Gonadotropin-releasing hormone (GnRH) neurons originate outside the central nervous system (CNS) in the nasal placode where their migration to the basal forebrain is dependent on the integration of multiple signaling cues during development. The proper migration and establishment of the GnRH neuronal population within the CNS are critical for normal pubertal onset and reproductive function. The endopeptidase EP24.15 is expressed along the migratory path of GnRH neurons and cleaves the full-length GnRH to generate the metabolite GnRH-(1-5). Using the GN11 cell model, which is considered a pre-migratory GnRH neuronal cell line, we demonstrated that GnRH-(1-5) inhibits cellular migration in a wound closure assay by binding the orphan G protein-coupled receptor 173 (GPR173). In our current experiments, we sought to utilize an in vitro migration assay that better reflects the external environment that migrating GnRH neurons are exposed to during development. Therefore, we used a transwell assay where the inserts were coated with or without a matrigel, a gelatinous mixture containing extracellular matrix (ECM) proteins, to mimic the extracellular environment.
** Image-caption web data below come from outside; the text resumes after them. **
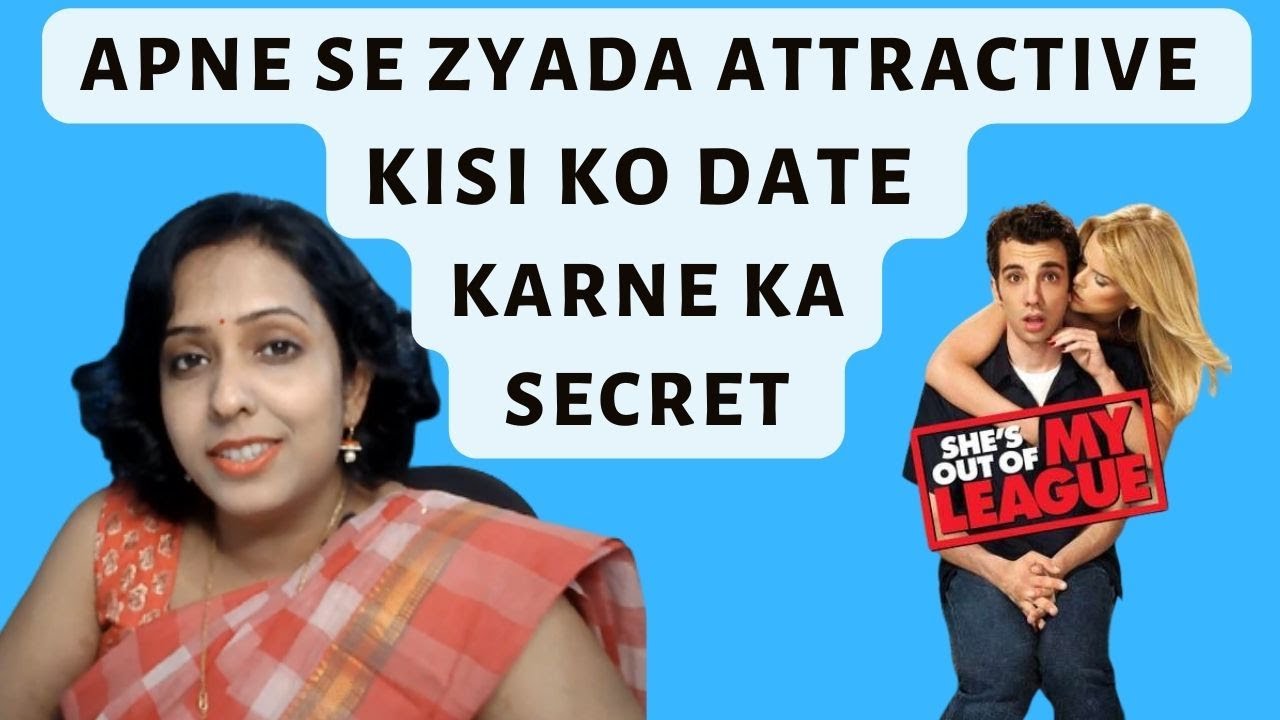 8 TIPS TO DATE OUT OF YOUR LEAGUE. APNE SE ZYADA AKARSHAR INSAN KO PATANE KE 8 TIPS.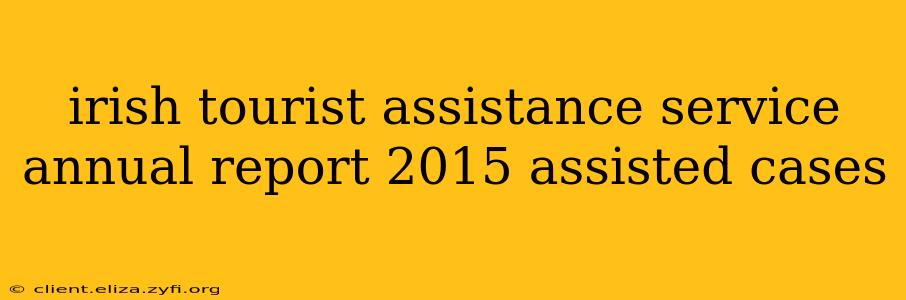irish tourist assistance service annual report 2015 assisted cases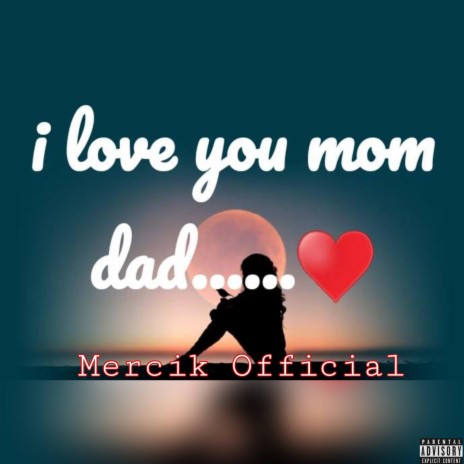 I LOVE YOU MOM & DAD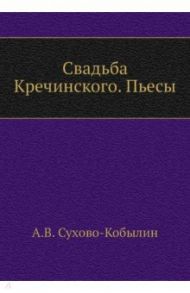 Свадьба Кречинского. Пьесы / Сухово-Кобылин Александр Васильевич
Interestingly, GnRH-(1-5) inhibited the ability of GN11 cells to migrate only through ECM mimetic and was dependent on GPR173. Furthermore, we found that GN11 cells secrete TGF-β1, 2, and 3 but only TGF-β1 release and signaling were inhibited by GnRH-(1-5). To identify potential mechanisms involved in the proteolytic activation of TGF-β, we measured a panel of genes implicated in ECM remodeling. We found that GnRH-(1-5) consistently increased tissue inhibitors of metalloproteinase 1 expression, which is an inhibitor of proteinase activity, leading to a decrease in bioactive TGF-β and subsequent signaling. These results suggest that GnRH-(1-5) activating GPR173 may modulate the response of migrating GnRH neurons to external cues present in the ECM environment via an autocrine-dependent mechanism involving TGF-β.